═══ Data shown ═══

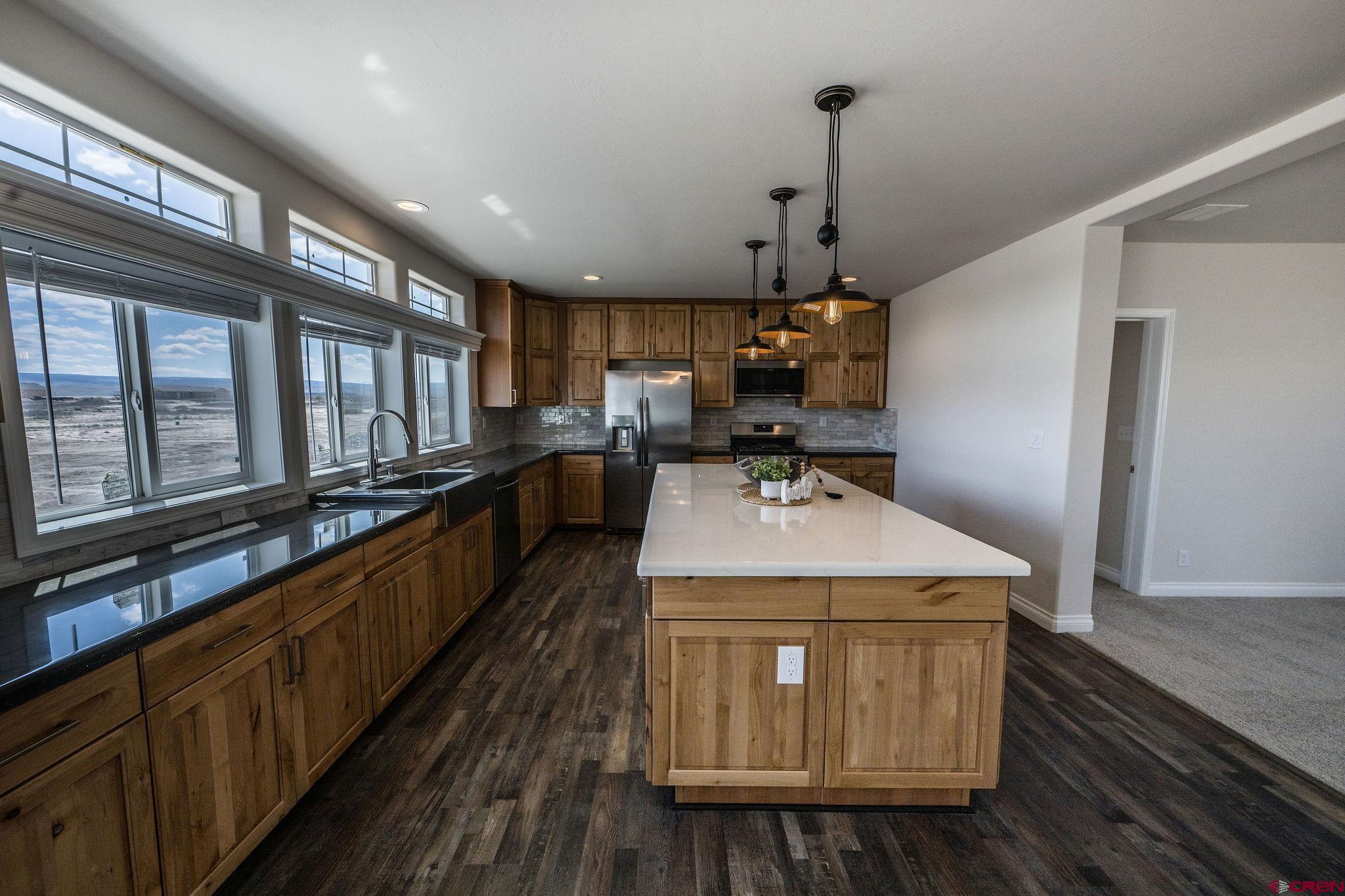 1246 H25 Road Delta, CO 81416 - Photo 3 of 31 a kitchen with kitchen island granite countertop wooden cabinets and white appliances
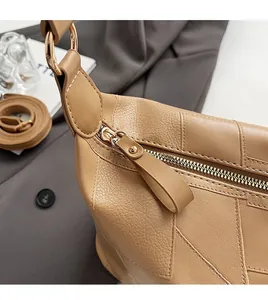 Detailed close-up of smooth gold-tone zipper and lychee texture on tan PU leather handbag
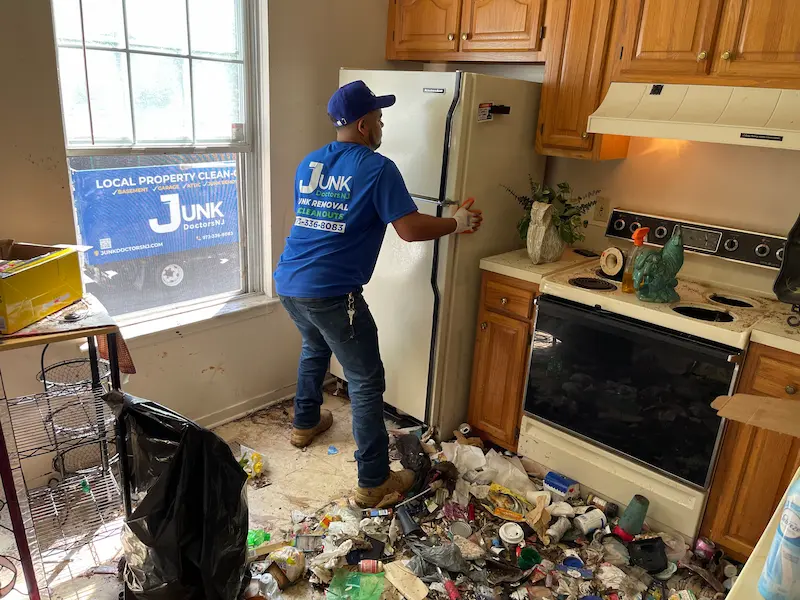 Junk Doctors NJ team member removing an old refrigerator from a kitchen during a residential appliance disposal project in North NJ.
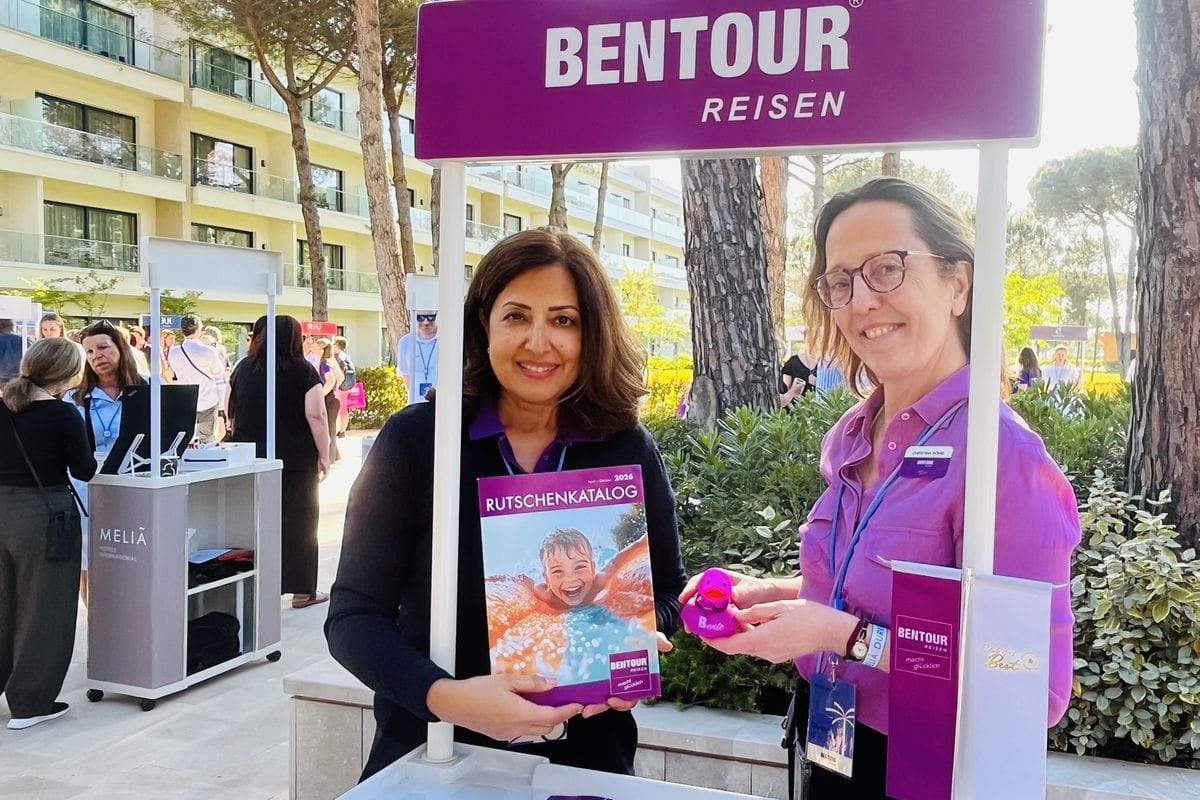 Zwei Frauen stehen an einem Stand von Bentour Reisen. Die eine hält einen Rutschenkatalog in den Händen, die andere eine lilafarbene Badeente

═══

■ Exercise aim
Only the pictures are to be left out; all other material is to be output exactly.

■ Response box
 1246 H25 Road Delta, CO 81416 - Photo 3 of 31 a kitchen with kitchen island granite countertop wooden cabinets and white appliances
 Detailed close-up of smooth gold-tone zipper and lychee texture on tan PU leather handbag
 Junk Doctors NJ team member removing an old refrigerator from a kitchen during a residential appliance disposal project in North NJ.
 Zwei Frauen stehen an einem Stand von Bentour Reisen. Die eine hält einen Rutschenkatalog in den Händen, die andere eine lilafarbene Badeente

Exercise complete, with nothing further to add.